How We Write in the Disciplines

During a thread with a colleague, I was also preparing revisions to my course syllabi. I try to teach the APA style used in STEM fields, including economics, while also challenging the various forms and genres used in academia, popular media, and online. Writing about detailed, quantitative research requires "code shifting" in the extreme… and understanding the dangers of privileging audiences. Too often, economics discussions are in jargon and metaphors understood by specific groups, or at least those audiences imagine they understand the language.

Economics, by nature, is the study of scarcity and resource allocation. Pretending that it isn't a philosophical pursuit of what is "best" for society or individuals, as much as it is a quantitative research field, results in scholarship that tries to hide its motives. I love discussing that challenge in academia: we are biased, while our writings seek to appear "unbiased" and "scientific" in some fields that are naturally philosophical and culturally loaded.
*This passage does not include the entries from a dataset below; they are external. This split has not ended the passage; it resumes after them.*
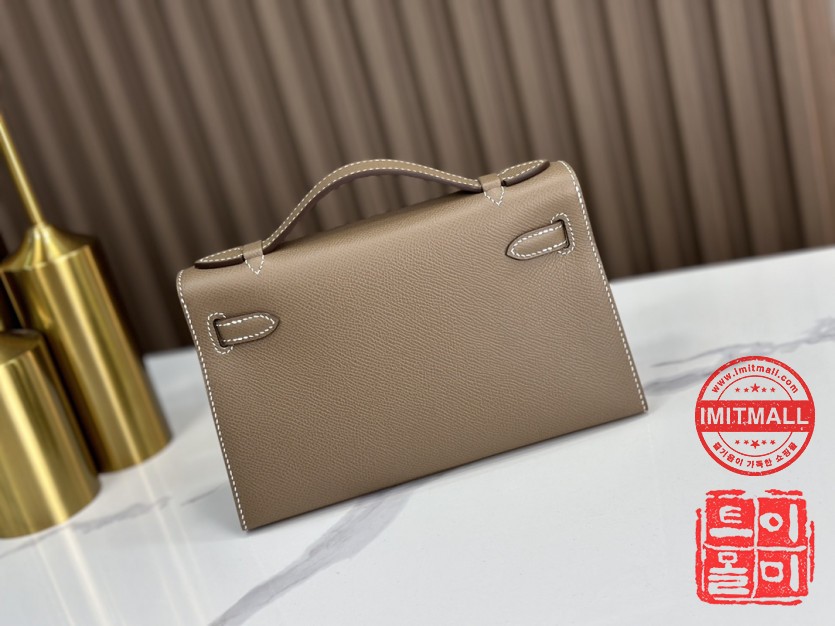 hermes_xxxxx_big_00004.jpg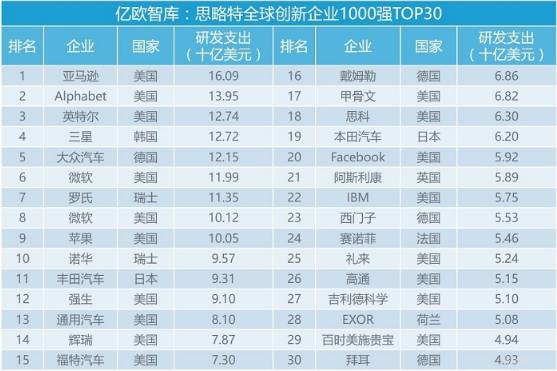 2024澳門特馬今晚開什么碼,實地研究解釋定義_免費版15.251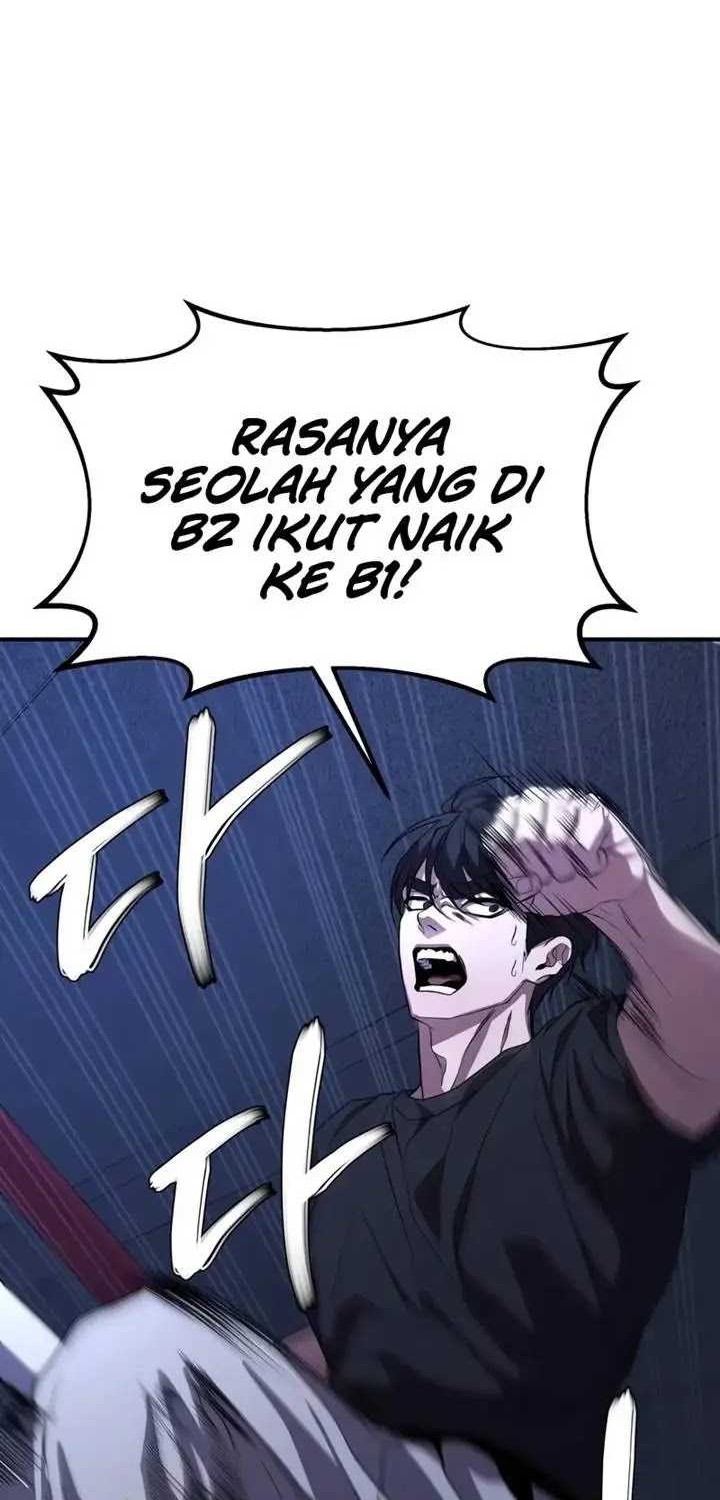 The Ultimate Shut-In Chapter 10 - halaman 73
As I revise my syllabi, I struggle with the question of how to best teach APA thesis guidelines while reminding students of the simplifications and omissions propagated by the academic form, especially in a field such as economics, which attempts to be scientific, while being driven by philosophical disagreements. The papers offer dry scientific, quantitative analyses, yet even the questions they ask are philosophically and politically loaded. What is "good" writing in econ is that which best conveys the scientific method and quantitative credentials of the authors.

All writing creates an abbreviated, selective history of events. How do we acknowledge this to readers?